Ask a Greek student of history, and you'll likely hear of the event as the tragic fall of a great Christian city. Ask a Turk, and you'll probably hear of the glorious conquest for a rising Muslim empire.

In this still-fragile region, history is often served up as a nationalistic tale that highlights the wrongs perpetrated by others. Now a group of historians from across the region is trying to change the way the past is taught in southeast Europe – from Croatia to Turkey – in an effort to encourage reconciliation rather than division.

"History plays an important role in shaping national identity," said Christina Koulouri, the editor of a series of new history textbooks and a professor of history at the University of the Peloponnese in Greece. "We want to change history teaching because we are concerned about the joint future of the Balkans and we think mutual understanding can be promoted through better history teaching."

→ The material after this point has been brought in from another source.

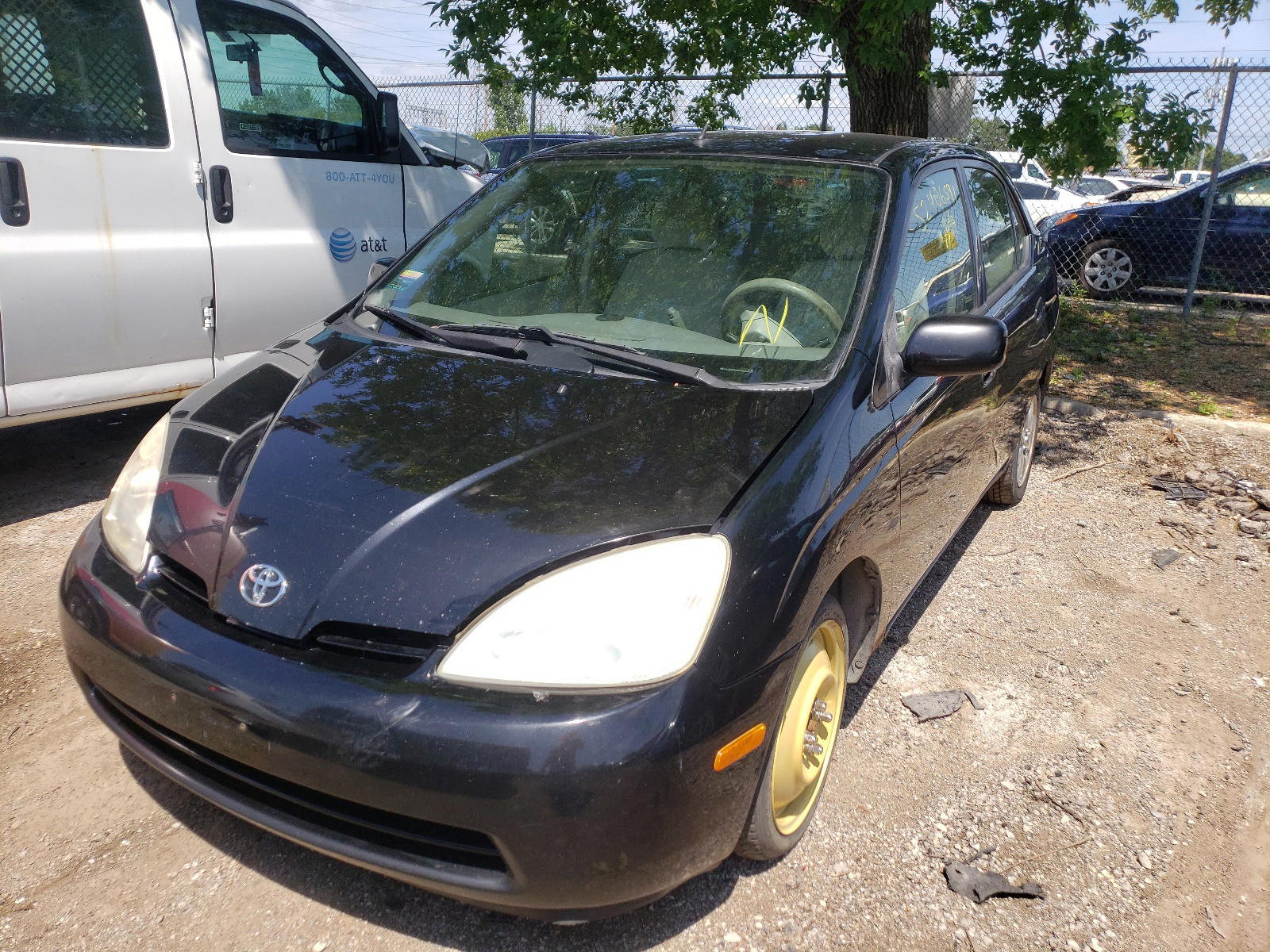 Photo 2 from auction – 2003 TOYOTA PRIUS with VIN JT2BK18U630072611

More than 60 scholars and teachers from around the Balkans have joined to create a new series of history books that tackle some of the most controversial periods in the region. The books, which are being translated into 10 regional languages, present history from various perspectives and excerpt historical documents to challenge interpretations of key events like the Ottoman conquest of Constantinople.

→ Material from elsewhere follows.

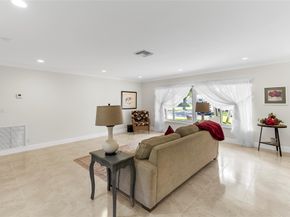 7237 E Tropical Way, Plantation FL 33317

Most students, Ms. Koulouri says, know little about their neighbors, despite the region's intertwined past and the relative youth of most of the countries that exist today. Schools typically use government-issued texts in which wars – and there have been many in the region over the centuries – are portrayed in "us versus them" terms with ancient wrongs visited again and again.

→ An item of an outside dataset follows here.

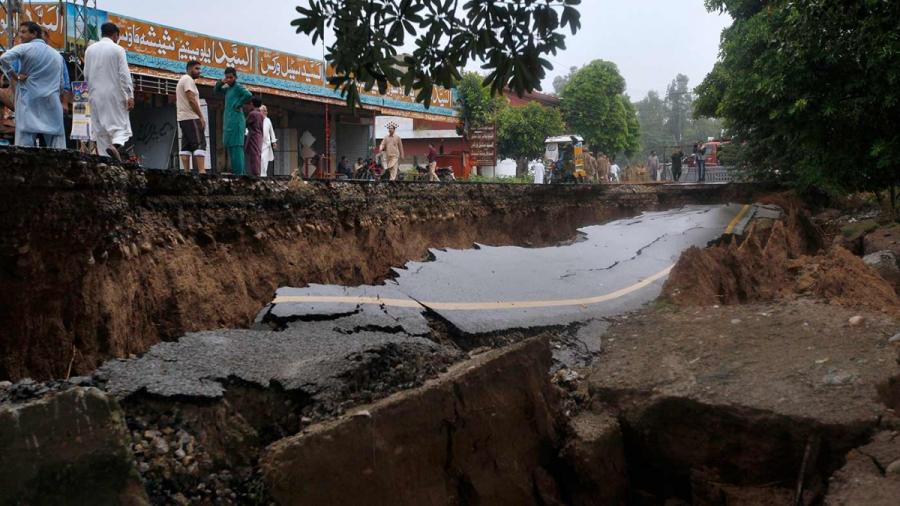 37 muertos suma sismo de 5.6 en Pakistán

The Joint History Project, run by the Greek-based Center for Democracy and Reconciliation in Southeast Europe (CDRSEE), has translated the books into Greek, Serbian, and Albanian, and has begun training teachers how to use them.

Dubravka Stojanovic, a professor of history at the University of Belgrade, has witnessed first hand how history is used for political means. Under Slobodan Milosevic, the country's textbooks were changed in 1993, during the Bosnian war.

"The aim of that change was to show that the peoples in ex-Yugoslavia lived in constant conflict since the 12th century or so," she says. "The intention was to show that the war was something normal; that it was the normal state of things for Serbians and Croats to hate each other."

Now, says Dr. Stojanovic, who is editor of the Serbian editions of the series and who helped organize some of the first teacher-training efforts in Serbia, the texts are being changed again, this time to vilify communists.